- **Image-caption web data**
::::

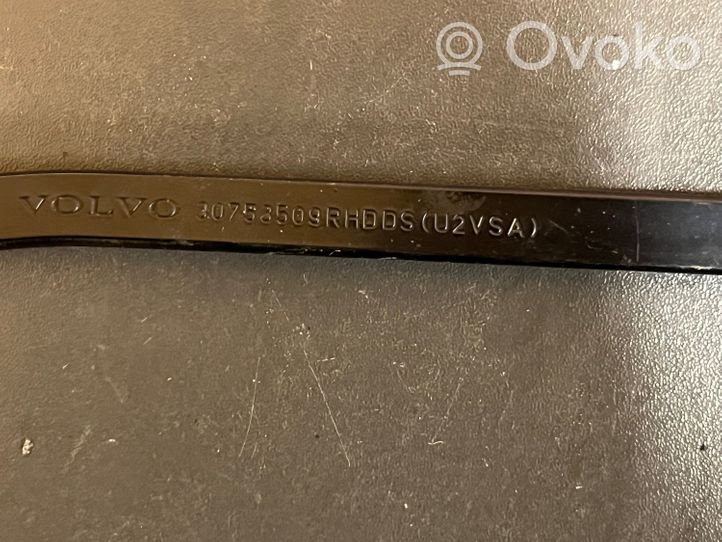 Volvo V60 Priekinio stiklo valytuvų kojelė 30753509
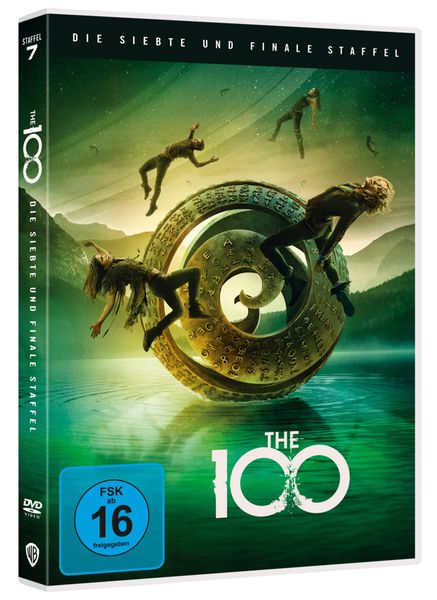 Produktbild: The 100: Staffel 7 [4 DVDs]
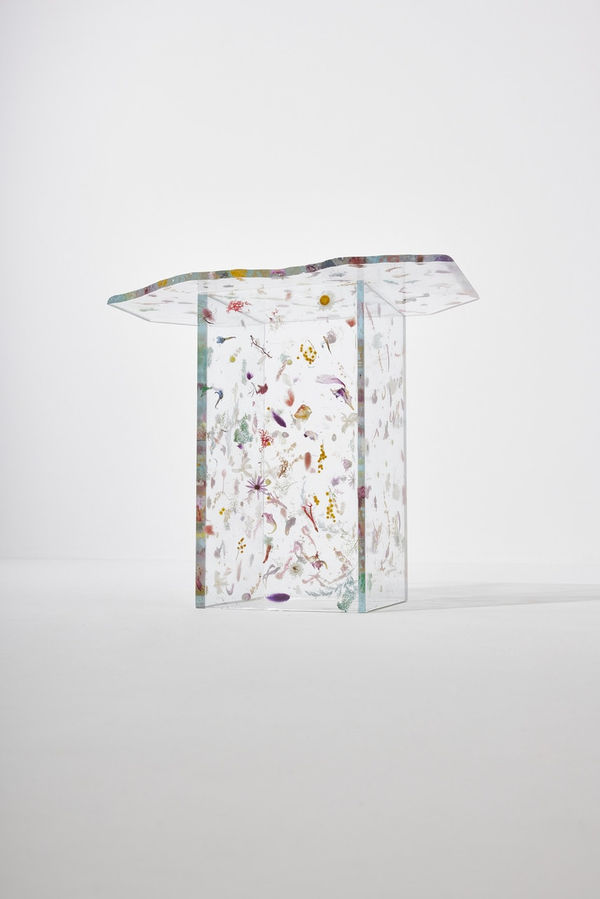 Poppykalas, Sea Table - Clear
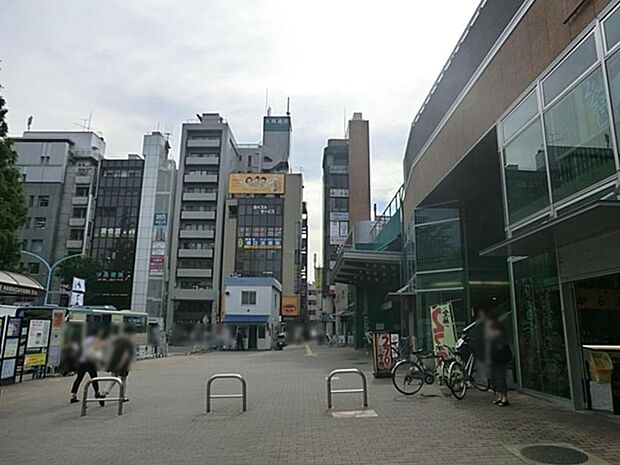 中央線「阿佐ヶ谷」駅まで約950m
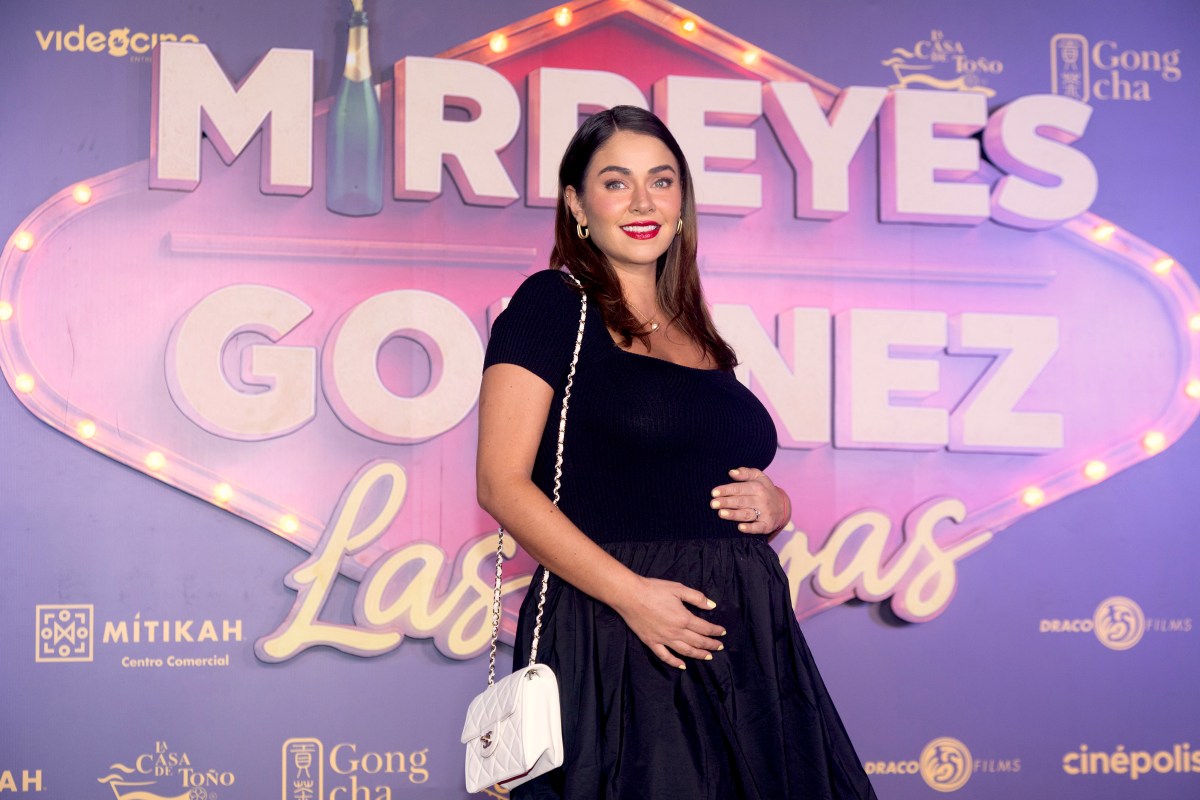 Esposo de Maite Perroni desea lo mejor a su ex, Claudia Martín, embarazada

::::

- **About this exercise**
Quote every record above exactly, omitting any pictures they contain.

- **Answer below**
 Volvo V60 Priekinio stiklo valytuvų kojelė 30753509
 Produktbild: The 100: Staffel 7 [4 DVDs]
 Poppykalas, Sea Table - Clear
 中央線「阿佐ヶ谷」駅まで約950m
 Esposo de Maite Perroni desea lo mejor a su ex, Claudia Martín, embarazada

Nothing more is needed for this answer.